Hard-boiled anti-Semites and racists who have survived the communist regime and who are still proud of their (mis)deeds against Jews, and who in some cases spent decades behind bars in a communist prison, were suddenly revered by many despite (or perhaps because of?) their open advocacy of the ideology of their youth as anti-communist martyrs and heroes and role models for 21st century youth. And frequently, there are willing intellectuals who wholeheartedly support this revisionist narrative.

I want to report on such a case here. The focus is on the Bulgarian writer Zachary Karabashliev, whose novel 18% Gray is also available in English translation.

What is it all about? On his Facebook profile Karabashliev describes a visit to a 97-year-old retiree, and he provides photos and explanatory text. This encounter has, in his own words, strongly impressed him. The old man, apparently still astonishingly vigorous for his age, was harassed several times by intruders in his home and probably also physically abused. Karabashliev demanded in a letter from the competent ministry a better protection and an increased pension for the war veteran, who also spent many years in a prison of Communist Bulgaria as a regime opponent.

So far so good. There is no one who does not regret the poor living conditions of pensioners in Bulgaria, and also the frequent lack of recognition that many innocent victims of the communist system (in)justice have received in today’s Bulgarian society. So quite a noble action, which honors also the initiator, one could believe at first glance. Another picture, however, comes to light when you are digging a bit deeper.

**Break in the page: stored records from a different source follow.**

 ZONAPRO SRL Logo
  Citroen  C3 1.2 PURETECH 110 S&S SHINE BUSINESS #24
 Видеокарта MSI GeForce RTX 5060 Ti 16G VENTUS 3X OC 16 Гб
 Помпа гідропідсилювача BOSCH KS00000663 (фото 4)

The old man, whom Karabashliev praises, and whom he has repeatedly dubbed in public statements – even on television – as a hero, is called Dyanko Markov. Markov was imprisoned in communist Bulgaria for political reasons and was rehabilitated in the years after 1989. He was then a member of parliament for a right-wing party and became the most prominent living symbol of the political Right in Bulgaria because of his strong anti-communist stance. Markov wrote his memoirs, he often appeared as a speaker at public events (for example at the European Parliament) and was repeatedly interviewed. He is not just any pensioner, but in Bulgaria a well-known figure of public life. We are dealing with someone whom many – Karabashliev, for example – consider to be an exemplary hero and as such he was and is always present in the Bulgarian public.

In the first version of his Facebook post, Karabashliev also mentioned in detail and admiringly a part of the biography of Markov, which he interestingly later edited and completely deleted. This section referred to Markov’s membership in the so-called “Legions” and his alleged heroic deeds during World War II.

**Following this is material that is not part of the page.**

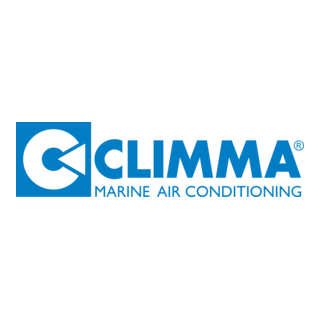 CLIMMA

The Union of Bulgarian National Legions was an anti-Semitic and openly fascist paramilitary organization led by Hristo Lukov from 1933 on (he used the title “National Leader”). The youth organization of the Legions used the swastika as part of their emblem, the uniforms of the Legions and also the program were directly based on the blueprint of the German SA and also otherwise this movement was regarded as an arm of Hitler in Bulgaria and was strongly supported accordingly by Nazi Germany.

Eliminationist anti-Semitism was particularly actively promoted in Bulgaria by radical groups such as the Legions. Lukov, who eventually rose to become a general, Minister of War, and the “gray eminence” in the background, used the Legions as a base to gain more and more political influence and power; the Gestapo seriously debated whether they should support a coup d’etat by Lukov against Tsar Boris III who was for opportunistic reasons – the defeat of the Nazis was already forseeable – reluctant to carry out the Final Solution in Bulgaria; a replacement by a dictator Lukov, would according to the reasoning of the Gestapo, “deliver” the Jews for extermination without any problems. Before these ideas could be carried out, Lukov was assassinated by Violeta Yakova, a 19-year-old Jewish partisan (she was later brutally raped and tortured to death by Bulgarian security forces); the strong resistance of many Bulgarian citizens, some politicians (such as Dimitar Peshev) and the Orthodox Church in Bulgaria meant in the end that Bulgaria did not extradite their own Jewish citizens to the Nazis.

The Jews in the Bulgarian-occupied and annexed areas of Thrace, Macedonia and the Pirot region of Serbia were less fortunate: they were the only inhabitants of these areas who were formally declared as non-Bulgarians, and with this “trick” the Bulgarian authorities had laid the basis for deporting them. The deportation in these areas was organized and carried out by Bulgarians, members of the Union of Bulgarian National Legions were particularly eager, since the murder of the Jews corresponded to their own program. More than 11,000 Jews were deported to Treblinka and murdered on arrival.  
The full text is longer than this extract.